Zowel bacteriën als schimmels kunnen menselijke infecties veroorzaken, maar ernstige bacteriële ziekten komen vaker voor dan ernstige schimmelinfecties. Veel voorkomende soorten relatief kleine schimmelinfecties zijn voetschimmel, jock itch, ringworm van de nagels, vaginale schimmelinfecties en spruw. Voorbeelden van meer ernstige, invasieve schimmelinfecties zijn onder andere Pneumocystis pneumonie, histoplasmose en coccidioidomycosis, ook bekend als vallei koorts. Mensen met een verzwakt immuunsysteem zijn gevoeliger voor ernstige schimmelinfecties dan mensen met een normaal immuunsysteem.

Oppervlakkige bacteriële infecties treden vaak op na kleine snij- en schaafwonden. Diepere huidinfecties kunnen abcessen of cellulitis veroorzaken. Wanneer bacteriën de normale afweer van het lichaam ontwijken, kunnen ze een breed scala aan infecties veroorzaken. Veel voorkomende voorbeelden zijn urineweginfecties en keelontsteking. Meer ernstige infecties die het vaakst door bacteriën worden veroorzaakt, zijn longontsteking, bloedstroominfecties en botinfecties. Veel soorten pathogene bacteriën produceren toxines die sommige van hun nadelige effecten veroorzaken. Toxineproductie komt niet vaak voor bij ziekteverwekkende schimmels.

Behandeling

Vanwege de structurele en biologische verschillen tussen bacteriën en schimmels verschilt de behandeling voor infecties die door deze organismen worden veroorzaakt ook. Oppervlakkige schimmelinfecties, zoals jock jeuk of een vaginale schimmelinfectie, verdwijnen meestal met vrij verkrijgbare lokale schimmelwerende medicijnen. Diepere of ernstigere schimmelinfecties vereisen meestal orale of intraveneuze antischimmelmedicatie. De duur van de therapie kan enkele maanden duren voor resistente of moeilijk te behandelen schimmelinfecties.

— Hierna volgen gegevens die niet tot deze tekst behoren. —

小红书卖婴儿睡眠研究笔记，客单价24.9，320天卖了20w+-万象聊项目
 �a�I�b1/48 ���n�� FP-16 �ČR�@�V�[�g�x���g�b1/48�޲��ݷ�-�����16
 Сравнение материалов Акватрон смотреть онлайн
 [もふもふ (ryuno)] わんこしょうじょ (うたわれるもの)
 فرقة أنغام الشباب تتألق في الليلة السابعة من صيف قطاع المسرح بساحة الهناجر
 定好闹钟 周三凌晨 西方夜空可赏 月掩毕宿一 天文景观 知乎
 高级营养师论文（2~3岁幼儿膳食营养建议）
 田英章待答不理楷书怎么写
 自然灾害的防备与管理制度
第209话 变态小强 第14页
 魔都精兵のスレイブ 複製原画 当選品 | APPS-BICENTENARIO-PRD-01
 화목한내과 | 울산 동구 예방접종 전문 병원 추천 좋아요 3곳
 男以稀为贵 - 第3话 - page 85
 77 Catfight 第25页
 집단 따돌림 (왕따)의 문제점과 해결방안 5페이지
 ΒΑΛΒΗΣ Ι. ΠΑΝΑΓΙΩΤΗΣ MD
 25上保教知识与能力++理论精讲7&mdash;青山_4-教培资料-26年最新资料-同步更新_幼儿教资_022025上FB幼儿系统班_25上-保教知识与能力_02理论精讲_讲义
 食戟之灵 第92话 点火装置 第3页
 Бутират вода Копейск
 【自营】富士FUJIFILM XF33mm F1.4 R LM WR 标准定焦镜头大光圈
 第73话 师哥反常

Antibacteriële geneesmiddelen vormen de hoeksteen van de behandeling van bacteriële infecties. De keuze van het antibioticum en de toedieningsweg is afhankelijk van de plaats van de infectie, de ernst van de ziekte en het type betrokken bacterie. Het is echter belangrijk om geen antibacteriële geneesmiddelen in te nemen voor ziekten die waarschijnlijk niet worden veroorzaakt door bacteriën, zoals een verkoudheid of een verkoudheid. Overmatig gebruik van antibacteriële geneesmiddelen bevordert de weerstand tegen deze geneesmiddelen.

Beoordeeld en herzien door: Tina M. St. John, MD

Is dit een noodgeval?

Als u ernstige medische symptomen ervaart, zoek dan onmiddellijk een noodbehandeling.